Tuesday, April 12, 2011

Book report: Sacajawea by Anna Lee Waldo

I've been thinking about adding regular book reviews to my blog highlighting some of the more memorable things that I'm reading or have read. Since I won't be cleaning again until Thursday or so (I do work some days), I thought I would start with a book that helped jump start all this cleaning in the B-house.

During my elementary school years, I became quite obsessed with all things Native American. I think this all happened when my mom started investigating our family tree and spoke of our Algonquin ancestors.

Needless to say, when it came time to do a book report on a biography, I chose Sacajawea (it may or may not have been this book. The cover looks familiar). While I was imagining myself crossing the Rocky Mountains with a Cabbage Patch kid strapped to my back, my mom was reading Anna Lee Waldo's masterpiece of a novel about this legendary woman. I just recently finished it for myself, and I find myself even more fascinated with this amazing woman.

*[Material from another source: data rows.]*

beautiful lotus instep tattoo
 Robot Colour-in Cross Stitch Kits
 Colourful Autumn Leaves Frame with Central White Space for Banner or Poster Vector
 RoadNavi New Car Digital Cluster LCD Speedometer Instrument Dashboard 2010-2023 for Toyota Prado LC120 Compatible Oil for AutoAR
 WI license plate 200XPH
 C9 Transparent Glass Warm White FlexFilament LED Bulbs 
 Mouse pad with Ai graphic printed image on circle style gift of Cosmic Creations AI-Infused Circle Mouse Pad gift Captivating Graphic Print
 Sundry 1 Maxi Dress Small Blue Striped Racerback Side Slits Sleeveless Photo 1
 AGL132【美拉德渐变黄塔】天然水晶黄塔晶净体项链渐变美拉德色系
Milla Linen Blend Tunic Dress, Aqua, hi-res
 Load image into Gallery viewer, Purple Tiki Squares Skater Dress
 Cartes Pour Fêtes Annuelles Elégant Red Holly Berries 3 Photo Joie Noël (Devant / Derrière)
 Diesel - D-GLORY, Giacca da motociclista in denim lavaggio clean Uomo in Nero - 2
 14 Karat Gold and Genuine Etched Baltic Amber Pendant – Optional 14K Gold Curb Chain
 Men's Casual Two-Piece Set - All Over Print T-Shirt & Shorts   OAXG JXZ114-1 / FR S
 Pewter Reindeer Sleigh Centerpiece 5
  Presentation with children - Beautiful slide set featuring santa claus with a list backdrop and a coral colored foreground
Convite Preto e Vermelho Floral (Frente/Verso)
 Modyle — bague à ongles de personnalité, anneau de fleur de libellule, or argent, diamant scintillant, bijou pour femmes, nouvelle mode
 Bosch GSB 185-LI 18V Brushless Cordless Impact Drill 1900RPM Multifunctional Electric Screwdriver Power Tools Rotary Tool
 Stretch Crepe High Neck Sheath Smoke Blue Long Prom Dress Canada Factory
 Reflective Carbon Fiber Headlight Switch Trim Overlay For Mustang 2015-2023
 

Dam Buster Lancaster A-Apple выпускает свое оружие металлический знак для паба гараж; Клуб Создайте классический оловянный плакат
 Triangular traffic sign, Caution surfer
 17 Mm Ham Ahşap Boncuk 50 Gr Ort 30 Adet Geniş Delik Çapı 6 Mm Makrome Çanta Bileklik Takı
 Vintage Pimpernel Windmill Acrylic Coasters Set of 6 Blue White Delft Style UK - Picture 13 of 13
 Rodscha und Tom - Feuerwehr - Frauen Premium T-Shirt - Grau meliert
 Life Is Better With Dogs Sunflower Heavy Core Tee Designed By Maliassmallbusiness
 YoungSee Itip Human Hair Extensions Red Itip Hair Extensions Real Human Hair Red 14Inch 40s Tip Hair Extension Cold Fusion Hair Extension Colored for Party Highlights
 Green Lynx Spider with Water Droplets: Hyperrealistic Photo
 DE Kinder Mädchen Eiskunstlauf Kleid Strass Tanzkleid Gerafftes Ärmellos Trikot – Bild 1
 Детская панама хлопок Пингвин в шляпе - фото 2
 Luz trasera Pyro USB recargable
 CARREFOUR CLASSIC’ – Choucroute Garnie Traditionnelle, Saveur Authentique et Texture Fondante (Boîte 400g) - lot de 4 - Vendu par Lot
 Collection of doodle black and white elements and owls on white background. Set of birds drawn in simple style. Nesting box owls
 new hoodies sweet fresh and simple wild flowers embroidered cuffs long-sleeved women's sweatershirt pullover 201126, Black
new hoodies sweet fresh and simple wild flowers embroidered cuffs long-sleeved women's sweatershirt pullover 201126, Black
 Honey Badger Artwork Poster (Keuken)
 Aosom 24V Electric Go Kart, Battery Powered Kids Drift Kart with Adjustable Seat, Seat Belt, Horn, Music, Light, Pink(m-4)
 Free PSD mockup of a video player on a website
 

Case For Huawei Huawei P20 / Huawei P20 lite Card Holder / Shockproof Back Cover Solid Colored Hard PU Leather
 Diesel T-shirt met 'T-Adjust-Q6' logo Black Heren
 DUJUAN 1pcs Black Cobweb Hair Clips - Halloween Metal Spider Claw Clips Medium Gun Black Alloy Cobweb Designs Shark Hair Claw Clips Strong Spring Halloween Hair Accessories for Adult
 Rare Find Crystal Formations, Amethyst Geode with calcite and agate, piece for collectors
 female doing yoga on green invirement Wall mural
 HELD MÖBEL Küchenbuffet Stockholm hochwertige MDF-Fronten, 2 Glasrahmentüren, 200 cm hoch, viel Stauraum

The novel itself is huge; the paperback is 1359 pages. Ms. Waldo certainly did her research and includes transcriptions of primary source materials, speculations about Sacajawea's life, and plentiful source documents. I loved every word of this novel. The writing paints such a vivid picture of what Sacajawea's life may have been from her kidnapping early in life to her marriage to a French Canadian trapper to her travels with Lewis and Clark and so much more. This woman was inspiring and amazing if only because she did indeed travel across our country on foot with a baby strapped to her back. But her life included so much more than that life changing trip.

What struck me most while reading this book, though, was a continuing recurrence of Sacajawea's small pouch that she always kept close containing her most prized possessions. That's it: one small pouch. It contained a blue bead from her grandmother, a memorable feather, a medal, a bead from another time in her life, and a few other items. That's it. Granted, she had other possessions at various times in her life, but these were the things that she held most dear (at least according to the author). If Sacajawea, arguably one of the most important women in American history, only had need of these few small tokens to savor her momentous life, why in the world do I have an entire house filled with STUFF? Thus began the purge.

I think everyone should read this book. Yes, it took quite a bit of time, but it was time so well invested. I got so wrapped up in it, that I almost forgot to read the last book for the Ledger Book Club. Good thing The Man in Uniform by Kate Taylor (also a good read) was a quick read.